The similarities and contrasts between Newton and Descartes did not arise in a vacuum. We have already seen the roles of Huygens and Hooke, Boyle and Galileo, Leibniz and others in the development of the era’s thought. A group of thinkers categorized under the heading of the “Cambridge Platonists” played a role in transmitting a Cartesian notion about the nature of space into Newton’s thought. Frederick Copleston writes:
For example, in his Enchiridion metaphysicum Henry More argued that the Cartesian geometrical interpretation of nature leads us to the idea of absolute space, indestructable, infinite and eternal. These attributes cannot, however, be the attributes of material things. Absolute space must be, therefore, an intelligible reality which is a kind of shadow or symbol of the divine presence and immensity. More was primarily concerned with arguing that the mathematical interpretation of nature, which separated the corporeal from the spiritual, ought logically to lead to the linking of the one to the other; in other words, he was concerned with developing an argumentum ad hominem against Descartes. But his argument appears to have exercised an influence on the Newtonian conception of space.
Thus one of the most distinctively Newtonian doctrines - Newton’s peculiar conceptualization of absolute space as independently existing - may have Cartesian roots.

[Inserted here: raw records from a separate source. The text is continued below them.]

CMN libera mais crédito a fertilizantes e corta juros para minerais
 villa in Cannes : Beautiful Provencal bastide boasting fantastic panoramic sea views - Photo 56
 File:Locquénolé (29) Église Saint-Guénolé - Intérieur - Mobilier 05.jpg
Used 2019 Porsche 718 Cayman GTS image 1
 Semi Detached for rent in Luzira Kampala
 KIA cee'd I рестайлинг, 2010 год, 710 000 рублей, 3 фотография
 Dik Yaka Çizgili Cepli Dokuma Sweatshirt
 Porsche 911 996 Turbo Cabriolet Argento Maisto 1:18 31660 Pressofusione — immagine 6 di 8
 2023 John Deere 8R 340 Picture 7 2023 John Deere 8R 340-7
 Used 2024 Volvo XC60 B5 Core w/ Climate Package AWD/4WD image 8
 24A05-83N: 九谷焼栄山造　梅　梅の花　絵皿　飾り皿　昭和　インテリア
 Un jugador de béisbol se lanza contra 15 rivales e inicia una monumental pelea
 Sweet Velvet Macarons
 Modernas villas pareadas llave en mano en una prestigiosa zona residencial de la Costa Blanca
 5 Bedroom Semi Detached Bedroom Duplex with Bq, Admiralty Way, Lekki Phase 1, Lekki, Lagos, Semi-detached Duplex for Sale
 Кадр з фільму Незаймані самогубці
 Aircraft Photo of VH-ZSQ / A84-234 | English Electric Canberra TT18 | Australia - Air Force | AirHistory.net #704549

Although it is probable that no philosopher is entirely consistent or coherent, given that all philosophers are human, it may be argued that Newton presents more internal tensions within his thought than some other philosophers. To which extent those tensions can be resolved, and Newton saved from internal contradiction, is a task for wise scholars. Yet it takes only a little charity to see how Newton viewed mathematics and physics, not as a coldly mechanistic belief system of deists and atheists, but as the handiwork of a present and personal deity who inhabits his universe and whose designs have a teleology to them. Niccolo Guicciardini concludes:
Newton encouraged his acolytes to pursue researches in ancient analysis and never missed the opportunity for praising those, such as Huygens, who resisted the prevailing taste for the symbolism of the moderns, the “bunglers in mathematics.” When the polemic with Leibniz exploded, he could deploy his classicizing and anti-Cartesian theses against the German. Thus, Newton’s last mathematical productions, publications, and (often anonymous) polemical pieces were driven by a philosophical agenda difficult to reconcile with his mathematical practice.
Perhaps the story - with its ambiguous interpretations - of Sweden’s Queen Christina is a fitting symbol for the careers of Descartes and Newton. While Descartes could seem rather detached from the Roman Catholicism which professed, Christina converted, upon the death of Descartes, to that faith; Descartes was the only Roman Catholic with whom she’d spent significant amounts of time. Her engagement with that faith seems to have been more passion than that of Descartes; she surrendered her throne for it. Likewise, Newton may have engaged more actively with some aspects of Cartesian thought, while rejecting other aspects of it, than Descartes himself did.